Recently I interviewed the physicians, office staff, and a sample of patients from a specialty medical practice. The results were remarkable in the discrepancy presented between how physicians viewed their strengths and quality of service, and how office staff and patients did.
Specifically, the six physicians in the practice unanimously saw themselves as a community fixture, caring for two to three generations of people in the local area. They believed that they excelled based on their quality of care, communication, and personal attention to patients.
Patients had some different views. While pleased with the overall quality of care they received, they noted that:
– At least two physician are notoriously late for appointments, often causing patients to miss a few hours of work and have to reschedule. In this blue-collar community, missing work for a no-show appointment is costly and frustrating.
– Another physician almost never communicates to patients about test results in a timely manner. This keeps patients in a worried state while they wait to hear good or bad news.
– Patients and office staff complained about how hard it can be to reach their own physician for specific and important questions about procedures and medications.

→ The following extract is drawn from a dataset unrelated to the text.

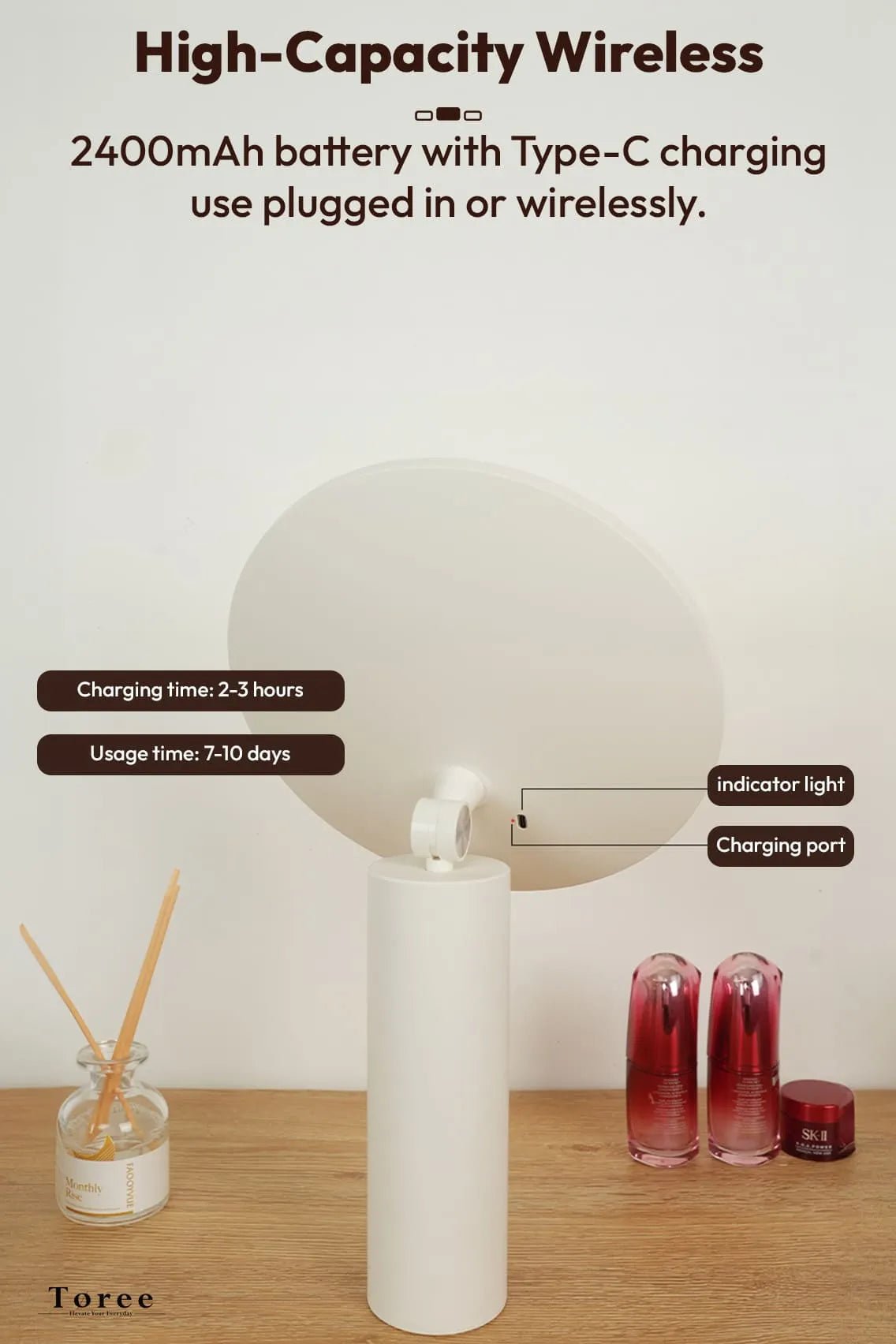 Toree Premium LED Smart Makeup Mirror | 360° Ring Light, Touch Dimming, Adjustable 0–90° Angle, 2400mAh Rechargeable, True Color HD Reflection - Image 11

– Patients complained about certain office procedures that caused them undue hassle and concern. These issues — like having to bring a complete medication list to each appointment — could easily have been avoided with a pamphlet answering common questions and concerns.

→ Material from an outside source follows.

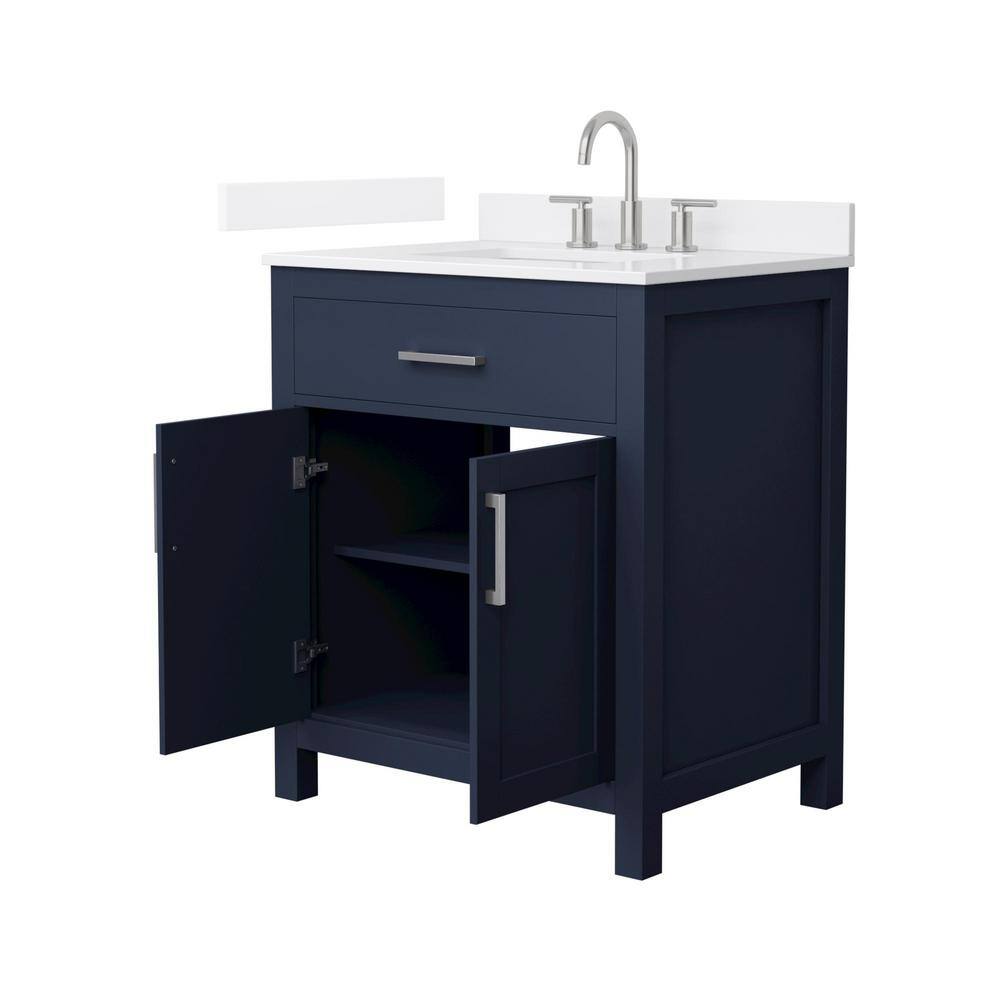 Wyndham Collection Beckett 30 in. Freestanding Dark Blue Bath Vanity with White Quartz Top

There are a few conclusions to draw from this case study:
1. There is often a gap between your “intent” and your “impact.” You may intend to provide exceptional service, but how you do depends on the impact you have on your patients. It is a good idea to survey patients from time to time to see how you are really doing.

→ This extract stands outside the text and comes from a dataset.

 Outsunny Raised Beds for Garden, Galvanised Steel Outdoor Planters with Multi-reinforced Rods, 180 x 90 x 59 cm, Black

2. Every multi-physician practice should set clear performance standards about communicating test results, timeliness, and other factors — and be sure that all physicians are providing consistent service.
3. Communication comes up again and again in our work as an issue. Patients expect timely communication about both the big and the little things, from test results and their treatment plan to what they need to bring to office visits.
4. Be open to feedback without getting defensive. In today’s environment, it is probably impossible to make everyone happy. But good management demands understanding patient perceptions and continuously improving the consistency and quality of their experience. “Getting better” is of course the ultimate standard from the patient’s point of view, but patients still expect to be treated with respect, dignity, and professionalism throughout their episode. In our experience, some physicians refuse to acknowledge that they can do better — and this does not help their standing in the community.